As we all know, director Wes Anderson doesn't trade in the conventional, and his latest film, Isle of Dogs, is quite possibly one of his oddest so far. A stop motion animation in the manner of his Oscar-winning Fantastic Mr. Fox, it tells the story of a group of canines who've been banished to Trash Island off the coast of Japan following an outbreak of 'dog flu'. Led by Chief (Bryan Cranston), this pack of mangy mongrels find new purpose when young boy Atari (Koyu Rankin) arrives on the island in search of his beloved pooch Spots (Liev Schreiber). What then ensues is a brilliantly offbeat adventure steeped in a love of Japanese culture, with everything from the films of Akira Kurosawa to sushi preparation getting a look in. The animation is as scrumptious as one would expect, with everything from the looming dystopian edifices of Trash Island to the dogs' wind-ruffled fur taking the breath away. The voice acting is sly and deadpan in the manner of Anderson's other movies, stuffed with a veritable host of A-listers including Edward Norton, Jeff Goldblum, Greta Gerwig, Scarlett Johansson and Frances McDormand. Anderson is also a director who places a great deal of emphasis on music, whether it's a love of classic rock (The Faces' 'Oh La La' in Rushmore) or the unconventional score collaborations he's enjoyed with Mark Mothersbaugh and Alexandre Desplat.

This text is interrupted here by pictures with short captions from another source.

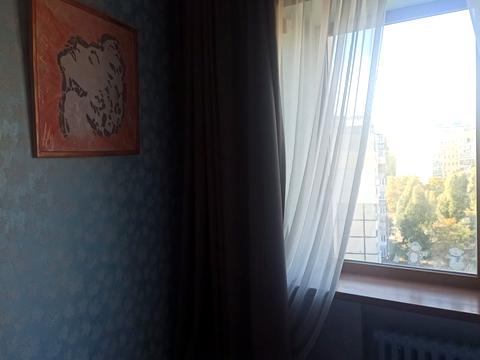 квартира по адресу Героев просп., 23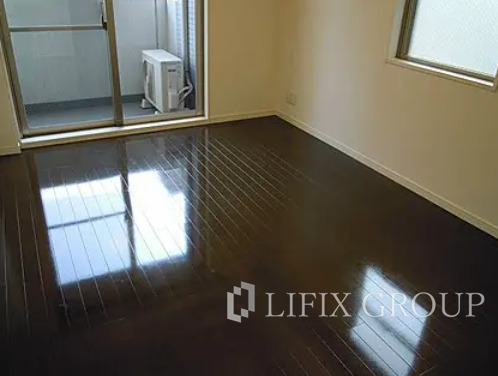 居室・リビング　居室・リビング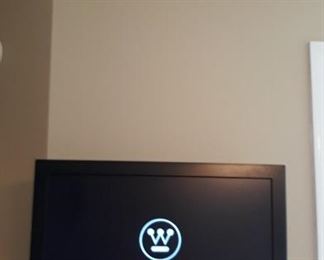 Westinghouse 26 inch LCD Widescreen HDTV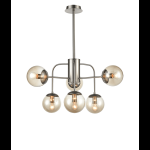 Подвесная люстра Vele Luce Verona VL5015L06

It's Desplat to whom he returns in Isle of Dogs, continuing a fruitful partnership that yielded an Oscar for The Grand Budapest Hotel. Whereas that score was buoyed by the beautifully nostalgic sound of Europe in times gone by (the balalaika and other specialty instruments featured strongly), the Isle of Dogs soundtrack is charged by completely different geography. It's quite remarkable how smoothly Desplat is able to jump between specific cultures and tones - little wonder he has swiftly amassed a reputation as one of the most versatile and modern composers of recent times. (His recent, second Oscar win for Guillermo del Toro's The Shape of Water has only reinforced that feeling.) That said, those fond of Desplat's lusher, more romantic scores may find Isle of Dogs a bit of a shock. It's far more akin to the surreal soundscapes of Fantastic Mr. Fox, throwing recognisable theme and melody to the wind in favour of all-encompassing texture. That said, there's no denying what the composer has conjured is likely one of the oddest, most idiosyncractic sound mixes of any film score in 2018, and for that it is to be applauded, meshing brilliantly with Anderson's characteristically strange vision. And after all, that is the primary role of any film composer.
Describing the score in terms of tracks is much of a muchness. Although there are repeated motifs throughout the soundtrack, it's more about how the instrumentation binds everything together. The opening 'Shinto Shrine' (accompanying a delightful stop motion homage to Kurosawa's 1985 masterpiece Ran) is an almost liturgical choral piece, reminiscent of the pastiche choral work from Grand Budapest. But it's not exactly representative of the score as a whole. Instead, the score's pulse is reserved for the unmistakable taiko drums, which permeate every crevice of the soundscape in a variety of taps and pounds.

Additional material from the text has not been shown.